Valery Gergiev is one of the most sought-after conductors in the world. Bernhard Kerres talked leadership with the Maestro in St Petersburg.
Andrew L. Shapiro, Founder and President, GreenOrder
Valery Gergiev is one of the most sought-after conductors in the world. Bernhard Kerres talked leadership with the Maestro in St Petersburg.
Bernhard Kerres: What are the characteristics of a great leader and what makes a great conductor?
Valery Gergiev: Standing in front of an orchestra and pretending you will use everybody’s time very well is both tempting but also very dangerous. To start by speaking to the orchestra is also very tempting, but even more dangerous because the orchestra normally loses interest quickly if the conductor speaks — and especially if the conductor speaks too much. So born leaders or very, very effective leaders and conductors, will not start just talking and talking and talking. This practically kills all the promise and interest your appearance brings. The true conductor, as well as the true leader, always understands that he has to make everyone feel very involved, not because he talks too much, but because he will do something unusual, exciting, very serious or very light, very funny. But do something without talking too much.
BK: So this means that when you come to a new orchestra you start a rehearsal by immediately playing music?
Oh yes, I will not talk too much. I remember very well when I conducted the Vienna Philharmonic for the first time, 15 years ago, I focused on just how to make the orchestra feel we are making music. Of course, they make music and obviously I am trying to make music, but how we can make music together is the priority.
When I am in front of young musicians it is also better to let them feel comfortable, let them feel they are already a good group. Because if you start like a nasty teacher — stopping them and using your stick to lecture them all the time — that is bad leadership. And to demand something to demonstrate how you know everything about classical musical, and how little they know, that again is bad leadership. So even if the young orchestra is not the Vienna Philharmonic you have to bring the atmosphere of trust and respect, which will make them feel like good colleagues.
You should not work with orchestras who you cannot respect; you simply should not do it. Young orchestras are especially vulnerable because they know they are not at the end of their professional upbringing. They know a famous conductor can come and make it interesting for them. But they also know that some famous people can be a little bit arrogant, a little bit too high flying. Then they have a natural reaction to protect themselves. There is like a wall between them, between this famous person and the young musician. So you have to make sure that you treat them like colleagues. Then there is a chance they will respect you, and they will agree that you are the man to trust, you are the man to listen to.
So that is more or less what my professional activities for the last 20, 25 years have taught me; to bring both a very serious approach but also a very natural one. The natural approach comes by simply making music.

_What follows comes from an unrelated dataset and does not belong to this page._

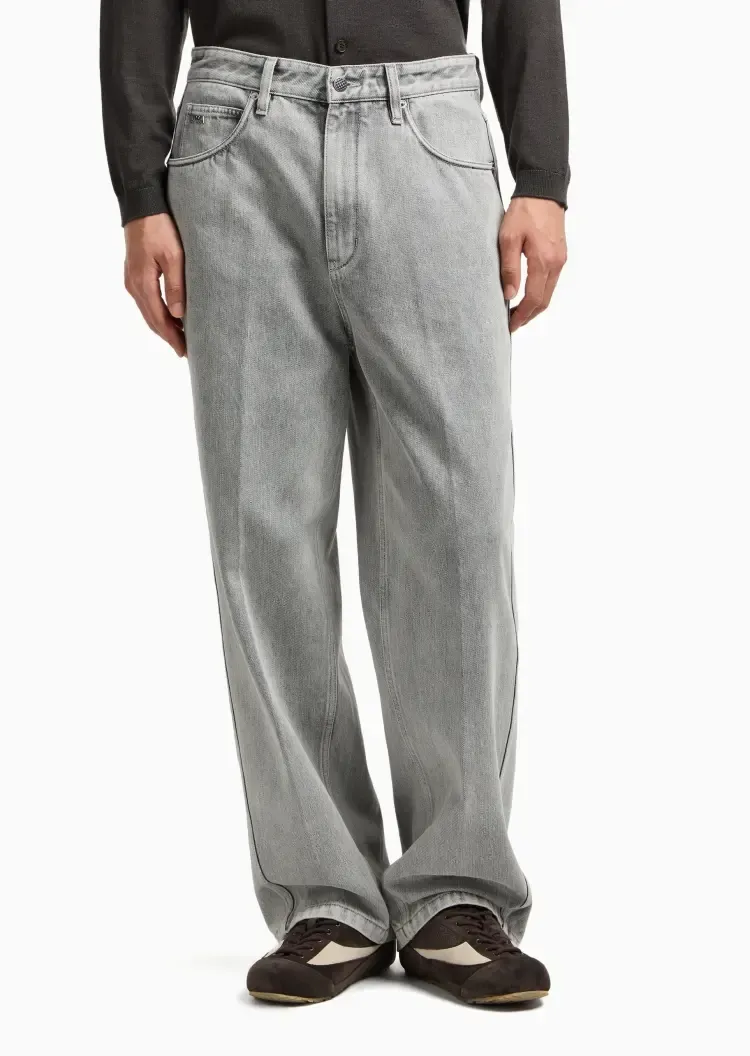 Emporio Armani Logo Patch Straight Hem Jeans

Even in today’s rehearsal with my orchestra [rehearsing Benjamin Britten’s A Midsummer Night’s Dream], I never stopped in Act 1. I hardly stopped in Act 2, maybe once. There were some difficult moments because the children’s chorus is very far away and they don’t hear the orchestra. So it was sometimes impossible to get things quickly. I even asked the children to stay until the end of the rehearsal.
Then we went through it again just to make sure. But you cannot raise your voice with children; you can only ask them — okay, let’s do it. Then I told them that they did very well. I told them that they know this music better than we do, because you sing it so well. We just have to correct something with the orchestra. It was 11pm and these are small children.

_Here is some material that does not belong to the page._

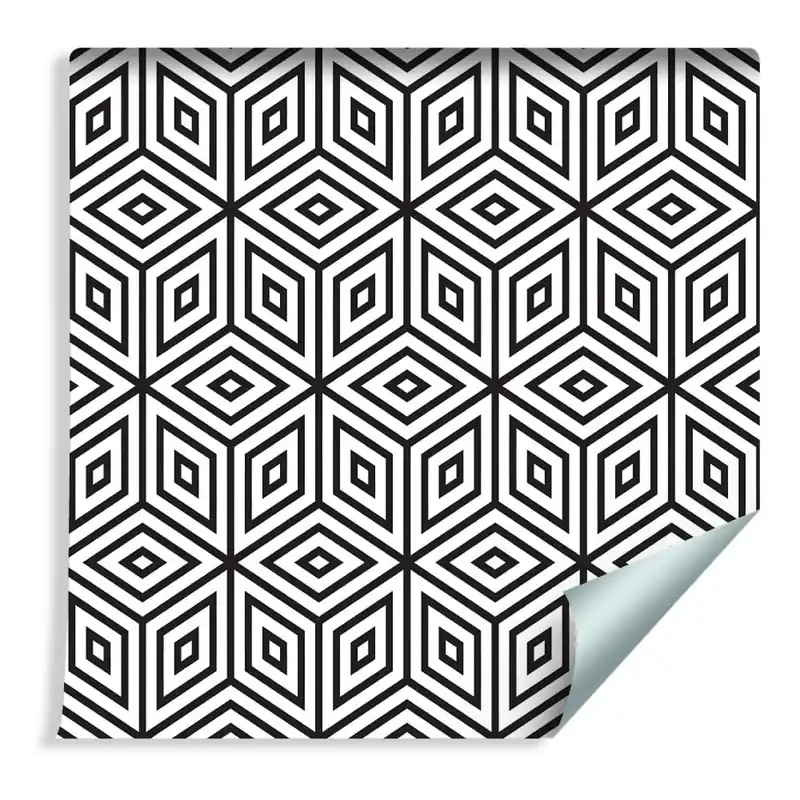 Tapeta Geometryczna - Sześciany I Romby Darmowa dostawa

Your experience and brain tell you how to keep even very difficult, sometimes exhausting rehearsals like this, focused and people in a mood so they feel, well, it’s nearly midnight but we should somehow focus on what we are doing. It is nothing to do with how well you conduct. It is a lot to do with how well you understand how to work with people — that is leadership. It is not even musicianship, it is leadership.
And musicianship, of course, comes immediately when you start playing so you cannot really demand, you cannot tell people, look, I am a great leader and that is why you have to play like that. You have to be a musician. But on many occasions you make decisions; you just have to be a leader. And I had many, many situations when my leadership qualities were tested.
BK: Like what?
VG: Well, I was in Edinburgh for the festival and I got a call maybe at five o'clock in the morning. The call came from a friend in America who was watching CNN which was reporting that Gorbachev had been arrested and there was a coup in Moscow. My friend told me not to fly back. He was afraid that more famous people would be arrested and that they could arrest me. He was afraid that something could happen to me. I was not a party member. So I immediately switched on CNN and I saw the whole thing. Then I thought, well, I have to make sure that when my orchestra and chorus and everyone comes down for breakfast they will not be scared that something terrible happened in Russia because their families are there. I was there myself from seven o’clock onwards and practically meeting everyone to tell them basically, look, there are certain things back in Russia which we have to watch and we have to talk about. The scenario is a little bit difficult to explain and I feel, I am sure, things will be sorted out very soon so we just should not panic. I was trying to be extremely calm, extremely considerate.
BK: So what you were just saying was an example that you take the leadership of your orchestra much further than simply conducting; you actually care for the people a lot?
VG: Well, I am general director of the Mariinsky. The Mariinsky is an exceptional story because it is a very big and busy institution. You can do a lot here. It is a big opera company, a big ballet company, a big orchestra, a big chorus, a big repertoire, big venues. We already run two venues. There will be another big opera house. We feel like a big family but we also feel that the opportunities are so huge. To lead these people in a very balanced way is not easy. And many things need to be improved.
Tomorrow there will be a lot of people who are coming for a production of Britten, which is not such a well-known repertoire in Russia. But I want to make sure that over the next few years every major university, every school, will have a tremendous interest in such productions. It will be a big task, but one which I am very happy to work on.
BK: Before you started today’s rehearsal of Benjamin Britten’s A Midsummer Night’s Dream, what did you expect from your orchestra?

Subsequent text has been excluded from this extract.